Troubleshooting and FAQs
Even with the best documentation, issues can arise. Here are solutions to the most common questions and problems encountered when deploying PDF3MD.
How do I resolve port conflicts?
Ensure ports 3000 (frontend), 5173 (dev frontend), and 6201 (backend) are not occupied by other applications. If you suspect existing PDF3MD containers are holding the ports, run:
docker compose down
This stops and removes the containers, freeing the ports.
Why do the manual setup scripts fail?
If start_server.sh or stop_server.sh fail to execute, it is almost certainly a permissions issue. Fix this by making the scripts executable:
chmod +x pdf3md/start_server.sh pdf3md/stop_server.sh
What if Docker images won’t start?
First, verify that the Docker Engine is running. If it is, try rebuilding the images to ensure you have the latest layers and no cached corruption:
docker compose up --build
How can I verify backend connectivity?
If the frontend loads but conversions fail, the backend might be unreachable. Check the browser console for errors. Ensure the Flask backend is running and listening on port 6201. You can test this directly in your browser by navigating to http://localhost:6201/.
Can I change the default backend port?
Yes. The backend defaults to port 6201, configurable in pdf3md/app.py. If you change this, you must also update the docker-compose.yml port mapping and the frontend’s Vite proxy configuration in pdf3md/vite.config.js.
How do I configure the timezone?
By default, the Docker container is set to America/Chicago. You can change this in the docker-compose.yml file by modifying the TZ environment variable to your specific region (e.g., America/New_York or Europe/London).
Licensing and Legal Compliance
PDF3MD is distributed under a dual-licensing model. It is vital to understand which license applies to your usage.
-
GNU Affero General Public License v3.0 (AGPLv3): This is the open-source license. You are free to use, study, modify, and distribute the software. However, if you run a modified version on a network server and provide users access to its functionality, you must also make the source code of your modified version available to them under the AGPLv3. You must include a LICENSEfile in your repository with the full AGPLv3 text. -
Commercial License: If you cannot or do not wish to comply with the AGPLv3 requirements (for instance, integrating PDF3MD into a proprietary commercial product without open-sourcing your modifications), a commercial license is available. You must contact the PDF3MD maintainers to obtain this license.

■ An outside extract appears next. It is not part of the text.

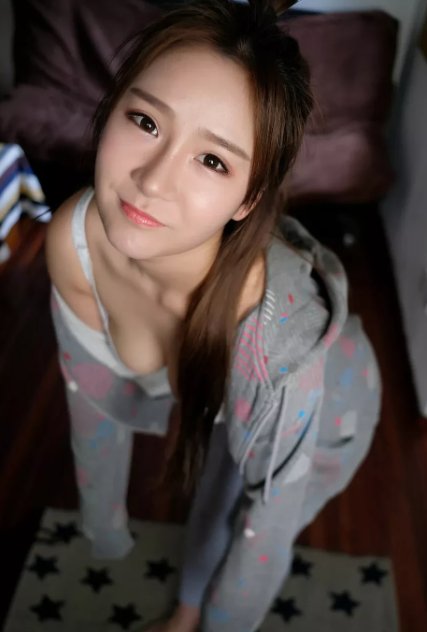 IM FUCKING HORNY RIGHT NOW  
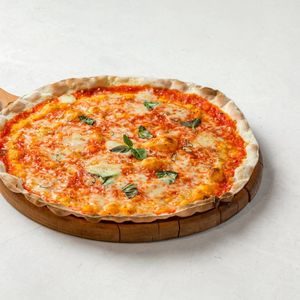 Пицца Маргарита с трюфелем.jpg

You must explicitly choose one of these licenses to use the software legally. Absence of a commercial license agreement implies strict adherence to AGPLv3 terms.
Contributing to the Project
While the project currently values feedback, bug reports, and feature suggestions via GitHub Issues, future code contributions from external developers will require signing a Contributor License Agreement (CLA). This ensures the maintainers have the rights to distribute contributions under both licensing models.
Conclusion
PDF3MD stands out as a professional, efficient, and user-friendly solution for the common yet complex problem of document conversion. By leveraging the power of Docker for easy deployment or manual setup for customization, it fits into any development workflow. Whether you need to extract Markdown from PDFs for a documentation site or generate Word reports from Markdown, the combination of a React frontend and Flask backend ensures a smooth, high-performance experience.
By following the steps outlined in this guide—configuring your docker-compose.yml, setting up your reverse proxy, and understanding the licensing requirements—you can deploy a robust document conversion service in minutes. Happy converting!